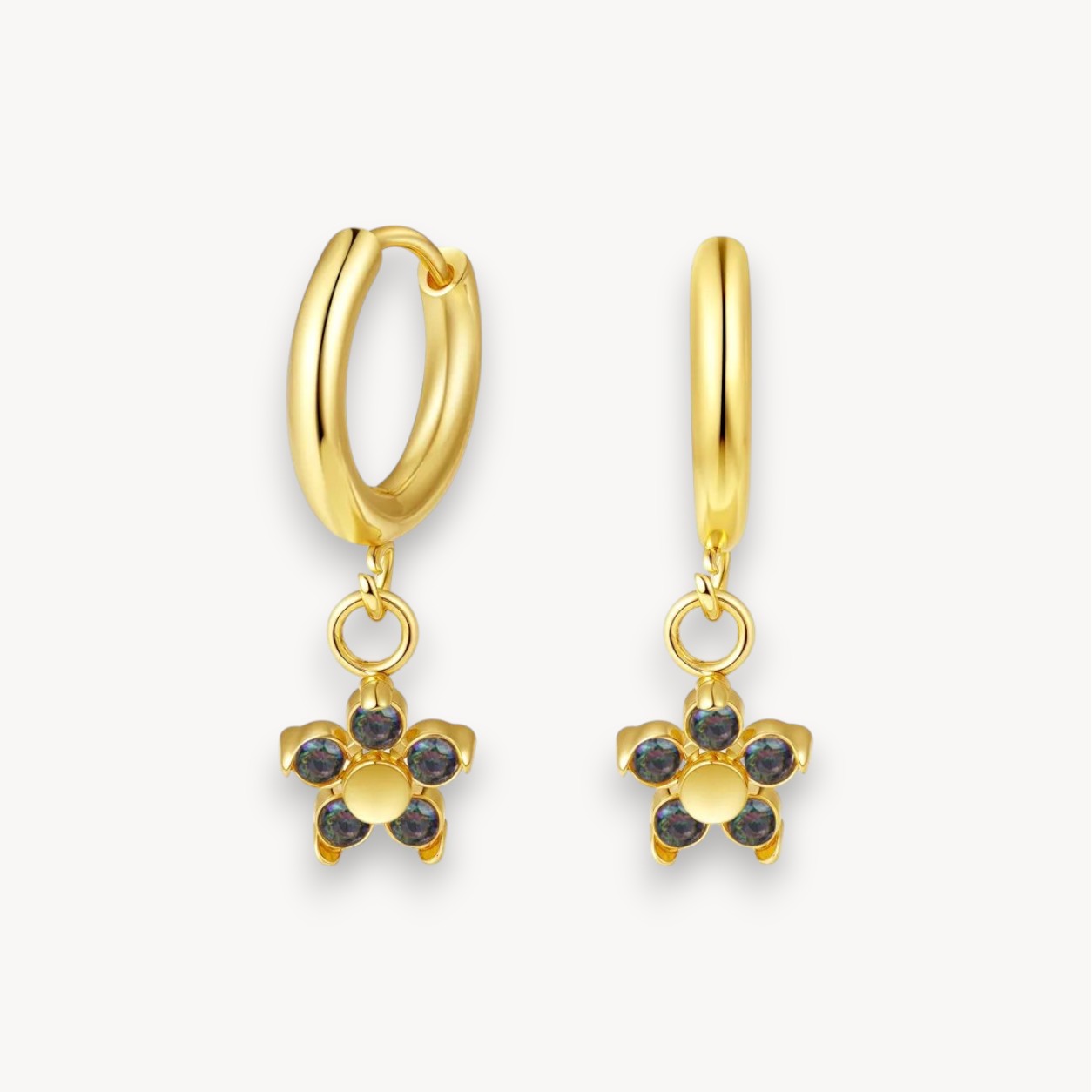Orecchini Hoop Spring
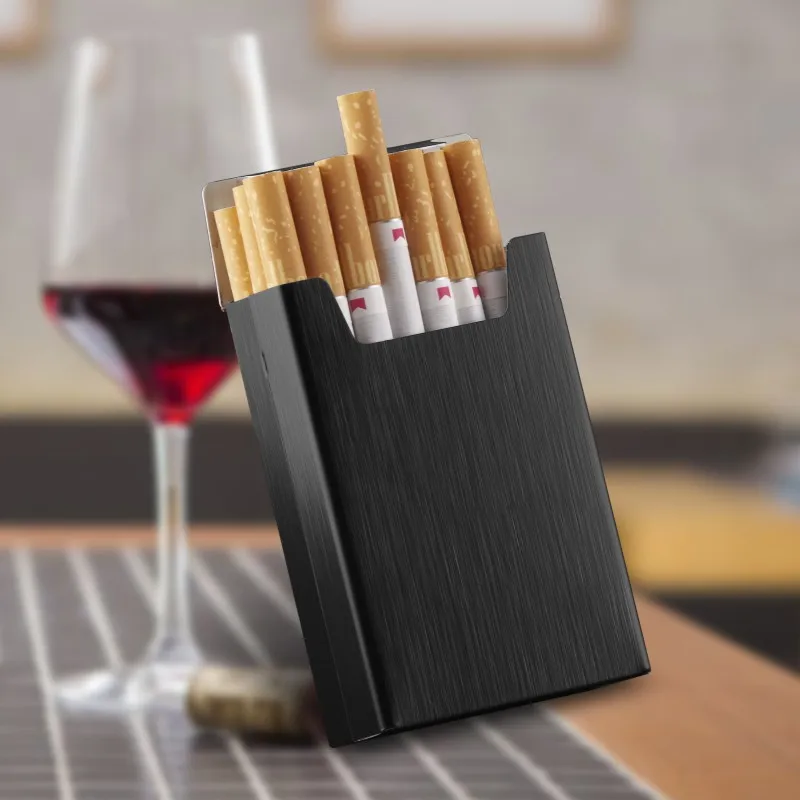 Новый держатель сигареты прикуриватель коробка два в одном USB ветрозащитная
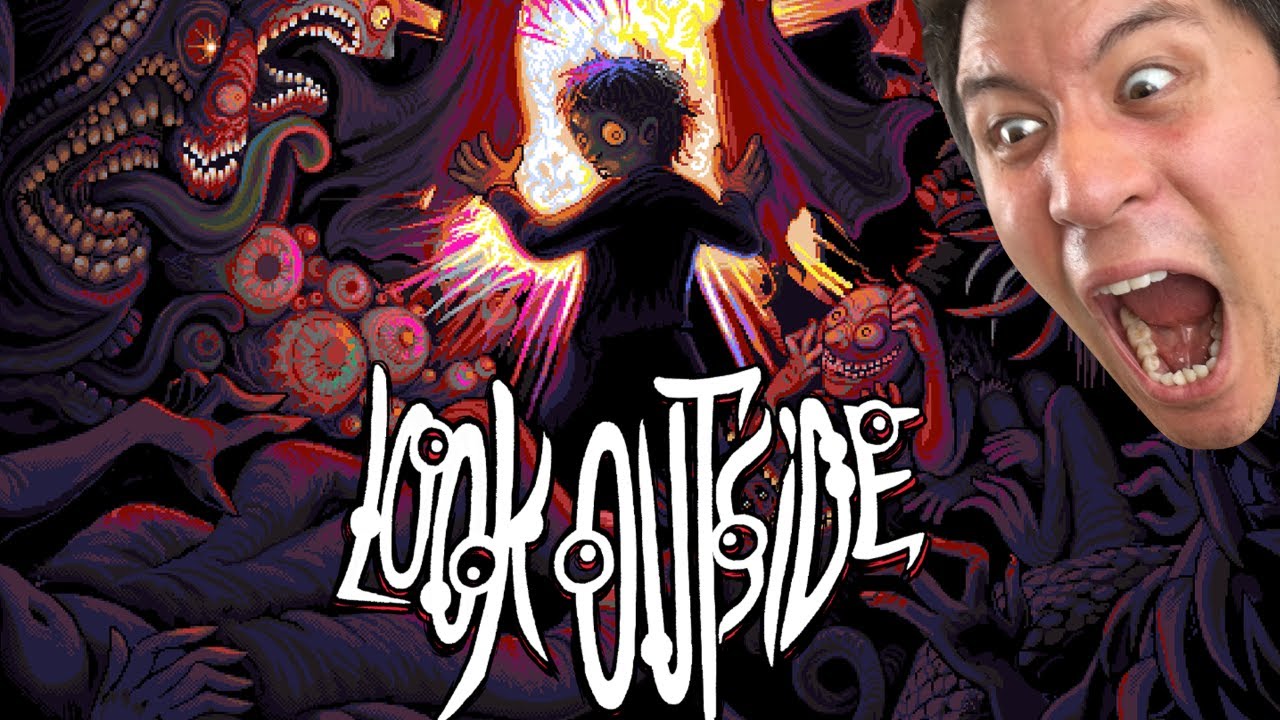 LOOK OUTSIDE - First Playthrough + Voice Acting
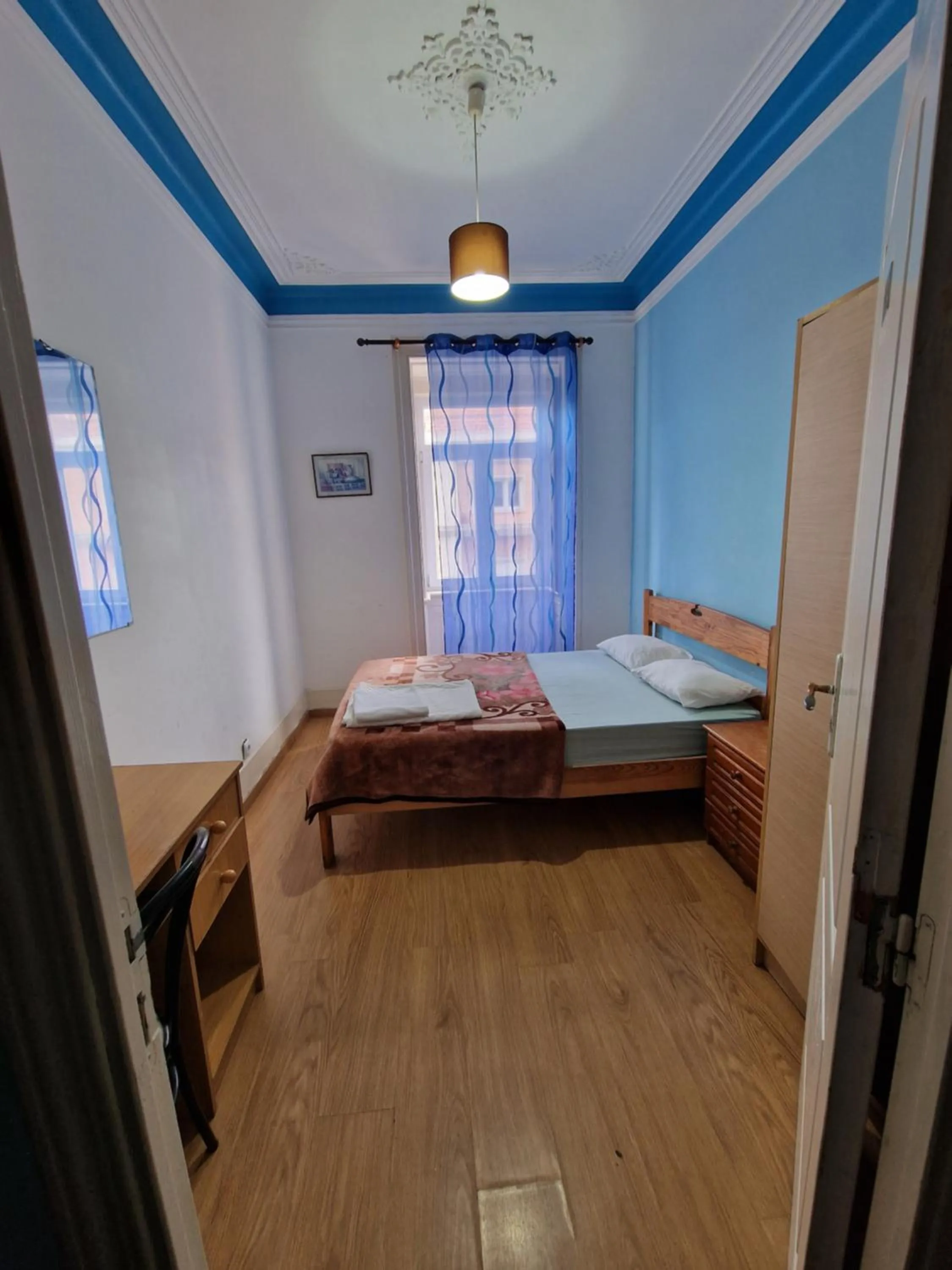 Bed in Alojamento Local Private Accommodation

▶ **Work to complete**: Reproduce, exactly and without pictures, the lines above from the one containing "LOOK OUTSIDE - First" through the last line of the material, both ends included, and nothing more.

▶ **Solution to this task**:
 LOOK OUTSIDE - First Playthrough + Voice Acting
 Bed in Alojamento Local Private Accommodation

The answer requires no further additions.